Generally, when the oral pronouncement of sentence conflicts with the written judgment, the oral pronouncement controls. Taylor v. State, 131 S.W.3d 497, 500 (Tex. Crim. App. 2004); Ex parte Madding, 70 S.W.3d 131, 135 (Tex. Crim. App. 2002). We have the authority to correct and modify the judgment of the trial court to conform to what occurred at trial if we have the necessary information to do so. See Asberry v. State, 813 S.W.2d 526, 529 (Tex. App.-Dallas 1991, pet. ref'd); see also Tex. R. App. P. 43.6. We are able to do so in this case and, therefore, modify the judgment to conform to the trial court's oral pronouncement of sentence. Because the judgment should have included the fine component of Johnson's sentence, which was orally pronounced, and because we so modify the judgment, the order to withdraw funds was authorized by the judgment. We overrule issue three.
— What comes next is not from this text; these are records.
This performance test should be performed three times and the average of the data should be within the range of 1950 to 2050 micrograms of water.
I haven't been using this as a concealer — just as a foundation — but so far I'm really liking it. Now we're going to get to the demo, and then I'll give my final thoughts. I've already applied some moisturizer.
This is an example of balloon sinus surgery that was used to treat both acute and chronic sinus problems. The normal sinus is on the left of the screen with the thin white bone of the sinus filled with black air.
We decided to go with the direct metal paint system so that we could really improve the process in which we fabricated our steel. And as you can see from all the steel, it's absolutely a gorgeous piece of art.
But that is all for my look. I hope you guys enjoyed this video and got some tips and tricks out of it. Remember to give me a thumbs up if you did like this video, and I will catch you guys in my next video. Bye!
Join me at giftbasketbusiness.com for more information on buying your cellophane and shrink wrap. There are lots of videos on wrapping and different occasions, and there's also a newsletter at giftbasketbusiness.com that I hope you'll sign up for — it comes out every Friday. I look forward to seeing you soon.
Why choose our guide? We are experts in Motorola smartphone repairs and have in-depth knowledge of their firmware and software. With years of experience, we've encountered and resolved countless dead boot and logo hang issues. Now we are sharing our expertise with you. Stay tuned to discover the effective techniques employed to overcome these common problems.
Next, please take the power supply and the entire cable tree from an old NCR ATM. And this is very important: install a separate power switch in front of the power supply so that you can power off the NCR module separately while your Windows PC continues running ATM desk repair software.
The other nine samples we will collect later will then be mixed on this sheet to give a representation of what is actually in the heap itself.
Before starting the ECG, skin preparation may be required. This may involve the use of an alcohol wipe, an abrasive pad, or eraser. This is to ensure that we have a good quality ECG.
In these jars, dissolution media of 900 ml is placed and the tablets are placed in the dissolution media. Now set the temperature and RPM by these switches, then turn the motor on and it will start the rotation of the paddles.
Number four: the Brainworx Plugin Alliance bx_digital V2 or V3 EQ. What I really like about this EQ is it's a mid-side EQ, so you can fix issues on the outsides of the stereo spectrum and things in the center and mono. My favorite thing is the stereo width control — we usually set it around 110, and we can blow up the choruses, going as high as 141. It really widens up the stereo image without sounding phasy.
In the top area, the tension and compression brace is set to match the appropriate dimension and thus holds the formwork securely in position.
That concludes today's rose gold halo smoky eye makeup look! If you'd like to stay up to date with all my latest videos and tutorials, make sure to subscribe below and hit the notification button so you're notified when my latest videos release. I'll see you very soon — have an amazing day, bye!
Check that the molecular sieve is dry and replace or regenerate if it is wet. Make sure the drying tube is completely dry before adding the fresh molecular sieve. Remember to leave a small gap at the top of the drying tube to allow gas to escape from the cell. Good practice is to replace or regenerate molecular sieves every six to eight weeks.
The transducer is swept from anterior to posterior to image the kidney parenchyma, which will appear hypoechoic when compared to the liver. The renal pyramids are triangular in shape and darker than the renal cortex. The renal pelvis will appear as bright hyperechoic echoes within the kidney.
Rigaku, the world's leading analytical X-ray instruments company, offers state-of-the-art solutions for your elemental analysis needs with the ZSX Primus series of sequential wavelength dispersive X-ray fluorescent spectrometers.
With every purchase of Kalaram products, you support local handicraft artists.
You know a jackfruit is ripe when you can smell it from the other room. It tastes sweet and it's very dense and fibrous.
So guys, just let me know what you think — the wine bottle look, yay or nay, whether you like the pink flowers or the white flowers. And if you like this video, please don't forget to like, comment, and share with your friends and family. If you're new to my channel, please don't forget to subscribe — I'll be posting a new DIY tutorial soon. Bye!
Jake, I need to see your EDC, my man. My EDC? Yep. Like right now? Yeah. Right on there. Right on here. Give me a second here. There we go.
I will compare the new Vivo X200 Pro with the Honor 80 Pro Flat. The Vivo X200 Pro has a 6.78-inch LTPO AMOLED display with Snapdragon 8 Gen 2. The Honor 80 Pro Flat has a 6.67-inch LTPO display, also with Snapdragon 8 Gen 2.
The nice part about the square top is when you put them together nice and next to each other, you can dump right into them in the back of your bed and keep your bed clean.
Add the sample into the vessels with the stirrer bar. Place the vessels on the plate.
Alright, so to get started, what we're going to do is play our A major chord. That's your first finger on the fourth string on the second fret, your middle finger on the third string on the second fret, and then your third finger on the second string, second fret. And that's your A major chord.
We conclude that the State's punishment witness was qualified to testify as an expert on gang affiliation and practices. Further, we modify the trial court's judgment to include the $10,000 fine as assessed by the jury and orally pronounced by the trial court. Because these are Johnson's only remaining issues on remand, we affirm the trial court's judgment as modified. See Tex. R. App. P. 43.2(b).


1. See Tex. R. App. P. 47.4.
2. The majority of the documents in the clerk's record refer to the appellant as Kevin Kimp. But the trial court signed an order noting that Deairion Johnson was the appellant's true name and entered this change into the minutes. Therefore, as we have before, we will refer to the appellant by his true name: Johnson. See Johnson v. State, No. 02-15-00296-CR, 2016 WL 3033495, at *1 n.2 (Tex. App.-Fort Worth May 26, 2016) (mem. op., not designated for publication), rev'd, 509 S.W.3d 320 (Tex. Crim. App. 2017).
3. Wells was able to testify to the technicalities of the database and how a person would be included as a gang member. Cf. Hopes, 2015 WL 6759450, at *3 & n.3 (declining to find officer not qualified to testify as expert regarding gang activity simply because he could identify only seven of the eight criteria for inclusion in database).